Their stylish design has also won companies over, according to Roland Dreier, a software engineer at a data storage company in Silicon Valley, where the craze for the open office was born.

“For sure the open office looks great in pictures. You put up some cool looking posters and maybe paint the walls a color that really pops,” he said. “It kind of gives a feeling like your company is really hip and cool.”

Back when his company was a scrappy startup with a couple dozen employees, open office plans allowed the growing business to save on overheads, stay nimble and reinforced the feeling they were doing things differently.

“Sitting around in a small space with close colleagues and talking all the time I think was really effective,” he said. But since those early days the company has added thousands of employees, expanded from one room into multiple buildings, and Dreier said the open floor plan doesn’t quite work the same. “You just kind of end up with a jumble of people distracting each other.”

A growing body of research confirms that having a bunch of people in one place with no walls leads to a lot of noise and distraction: everything from overhearing personal phone calls to loud chewers, chatty Cathys and nail clippers, which wreak havoc on sustained concentration and productivity.

“It’s kind of like being in a zoo sometimes,” said Christopher Oliver, who works in sales for an electrical equipment manufacturer in Murfreesboro, Tennessee where he doesn’t even have an assigned seat. He keeps his belongings in a locker and floats from desk to desk, booking different workstations through an app. He said his attention has likewise begun to wander.

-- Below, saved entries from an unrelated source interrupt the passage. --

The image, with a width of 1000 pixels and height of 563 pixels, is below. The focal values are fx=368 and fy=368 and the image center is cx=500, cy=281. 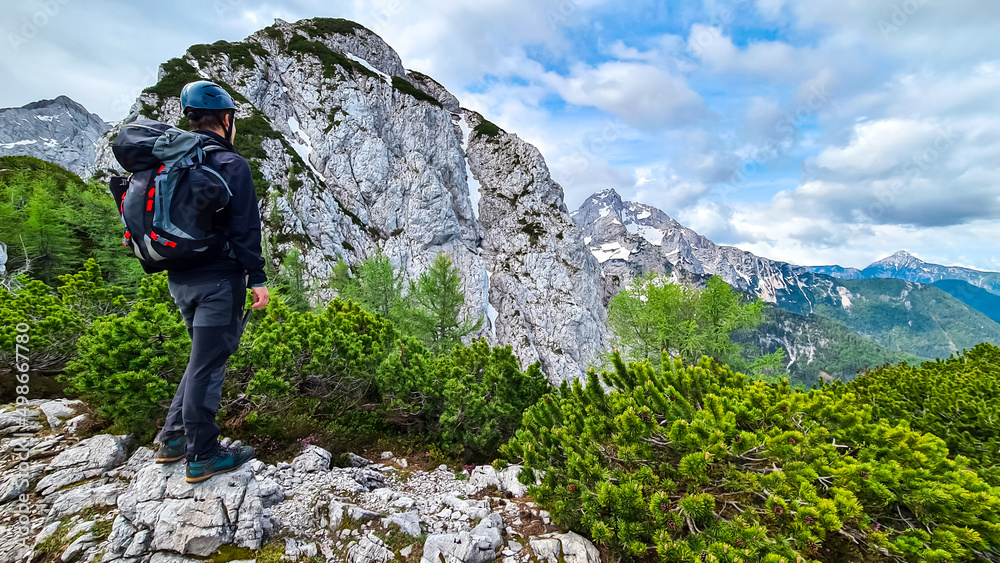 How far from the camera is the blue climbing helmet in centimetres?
363

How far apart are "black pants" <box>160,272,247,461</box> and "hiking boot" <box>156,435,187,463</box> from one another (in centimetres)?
45

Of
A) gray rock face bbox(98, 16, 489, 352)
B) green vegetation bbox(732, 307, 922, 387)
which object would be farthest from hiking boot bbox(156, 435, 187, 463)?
green vegetation bbox(732, 307, 922, 387)

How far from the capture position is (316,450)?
231 inches

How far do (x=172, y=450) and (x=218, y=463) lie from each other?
60 cm

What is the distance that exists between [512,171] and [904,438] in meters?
76.2

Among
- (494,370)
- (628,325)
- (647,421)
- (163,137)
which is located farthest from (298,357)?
(628,325)

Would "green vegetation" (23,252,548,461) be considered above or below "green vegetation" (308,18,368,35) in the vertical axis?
below

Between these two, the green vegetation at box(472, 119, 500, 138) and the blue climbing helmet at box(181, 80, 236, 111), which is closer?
the blue climbing helmet at box(181, 80, 236, 111)

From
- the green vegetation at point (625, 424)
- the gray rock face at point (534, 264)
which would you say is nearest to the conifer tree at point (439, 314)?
the green vegetation at point (625, 424)

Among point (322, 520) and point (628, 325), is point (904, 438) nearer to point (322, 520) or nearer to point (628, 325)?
point (322, 520)

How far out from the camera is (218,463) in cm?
404

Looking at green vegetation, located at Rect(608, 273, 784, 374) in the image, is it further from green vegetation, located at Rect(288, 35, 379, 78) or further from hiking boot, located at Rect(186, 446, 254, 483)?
green vegetation, located at Rect(288, 35, 379, 78)

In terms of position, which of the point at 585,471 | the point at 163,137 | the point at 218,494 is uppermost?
the point at 163,137

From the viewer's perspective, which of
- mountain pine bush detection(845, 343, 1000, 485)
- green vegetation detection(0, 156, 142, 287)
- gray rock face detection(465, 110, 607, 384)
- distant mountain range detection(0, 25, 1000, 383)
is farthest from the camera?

“It’s just like a dog seeing a squirrel. You know, you just listen to everything and look at everything,” he said.

When Oliver needs to focus, he turns to what has become the go-to survival tool of the open office worker: headphones. Not only for their ability to drown out external sound, but for what they say to your co-workers.

“When people see the headphones on it sends a signal that I’m working or I’m engaged or I’d rather not be interrupted,” said author Karen Dillon.

The need to disconnect from the chaos this way can create barriers though. Research suggests workers in open offices are less likely to speak to each other face-to-face, relying on Slack or email instead.

But the Future Workplace survey found groups who were more likely to use headphones to create personal space, like millennials and Gen Z, did have a more positive impression of open offices.

Roland Dreier said he turns up the classical music and podcasts on his headset, while Oliver prefers a more high energy soundtrack.

“I listen to metal,” he said. “Double pedal drums and screaming metal. That kind of just puts me in my happy zone.”